Di Rupo en otage de la mafia Electrabel

L’association écologique Greenpeace, dont on sait bien qu’elle combat la prolongation de la durée de vie des centrales nucléaires belges, vient de frapper fort.

J.-C.M.

L’association écologique Greenpeace, dont on sait bien qu’elle combat la prolongation de la durée de vie des centrales nucléaires belges, vient de frapper fort.

Dans une vidéo postée sur YouTube, elle met en scène une équipe de mafieux traînant jusqu’à une chaise posée au fond du hangar lugubre d’une usine désaffectée un homme habillé d’un costume sombre, d’une chemise blanche et d’un nœud papillon rouge.

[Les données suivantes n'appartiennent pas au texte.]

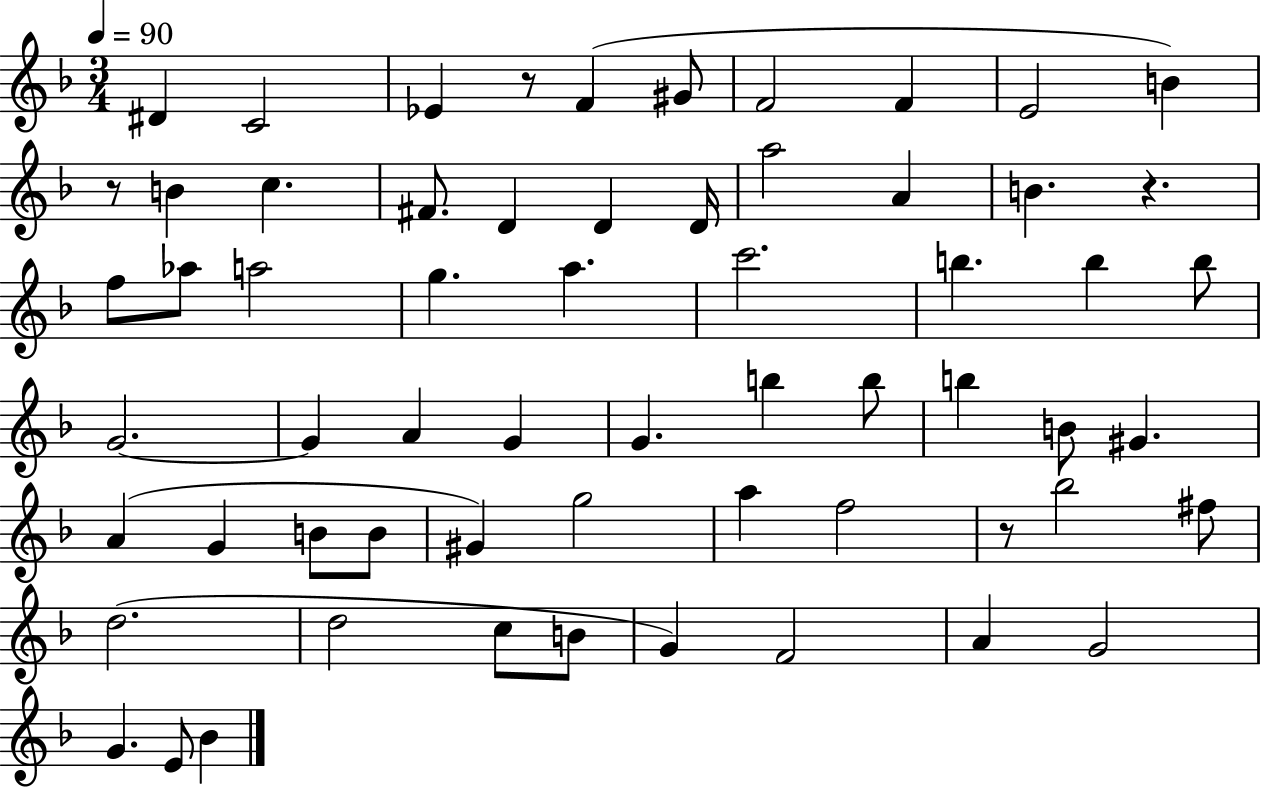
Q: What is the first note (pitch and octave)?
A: D#4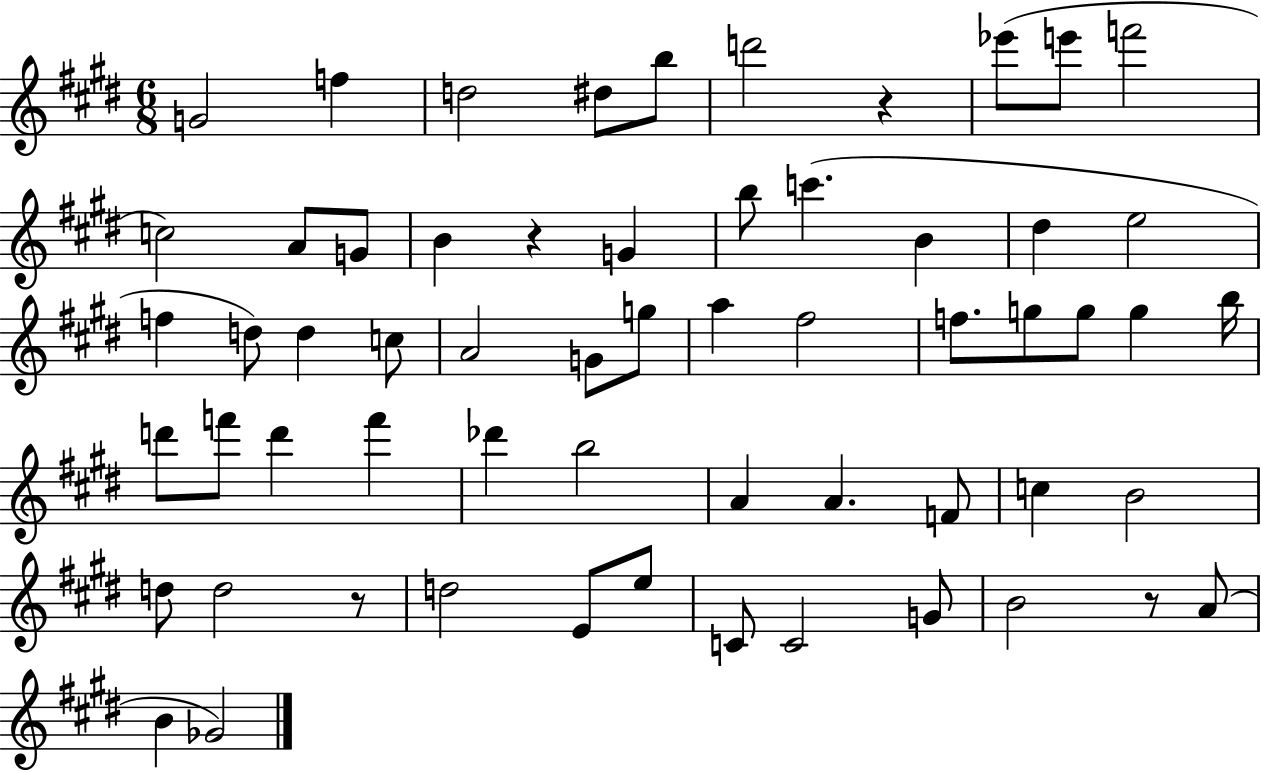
X:1
T:Untitled
M:6/8
L:1/4
K:E
G2 f d2 ^d/2 b/2 d'2 z _e'/2 e'/2 f'2 c2 A/2 G/2 B z G b/2 c' B ^d e2 f d/2 d c/2 A2 G/2 g/2 a ^f2 f/2 g/2 g/2 g b/4 d'/2 f'/2 d' f' _d' b2 A A F/2 c B2 d/2 d2 z/2 d2 E/2 e/2 C/2 C2 G/2 B2 z/2 A/2 B _G2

L’allusion au Premier ministre Elio Di Rupo est on ne peut plus claire.

Cet homme est ligoté et malmené. On lui couvre le visage d’une cagoule et on verse sur sa tête un bidon d’eau. Puis, on lui ôte sa cagoule, un malfrat lui colle un revolver sur la tempe et un autre lui présente une pancarte l’obligeant à lire d’une voix nasillarde caractéristique le message suivant : " Les centrales nucléaires resteront ouvertes dix années de plus ."

Sur le dernier plan, apparaît le slogan : " Elio, ne te laisse pas prendre en otage par la mafia du nucléaire. Sortons du nucléaire." Signé Greenpeace.

L’imitation est plutôt réussie mais les images sont réellement dures. Etait-ce la meilleure manière de faire avancer la cause du mouvement écologiste ? Les porte-parole de l’association assument. "Cela fait des mois que nous voulons ouvrir le débat sur la sortie du nucléaire et la façon dont est géré le secteur de l’énergie en Belgique. Nous l’avons fait par tous les moyens, en publiant des rapports, en donnant des conférences, en organisant des conférences de presse. Rien n’a vraiment bougé alors que des décisions politiques importantes vont bientôt tomber. Notre clip, volontairement dur, arrivera peut-être à faire bouger les choses, à faire prendre conscience qu’Electrabel agit comme une mafia et adopte des comportements douteux pour arriver à ses fins."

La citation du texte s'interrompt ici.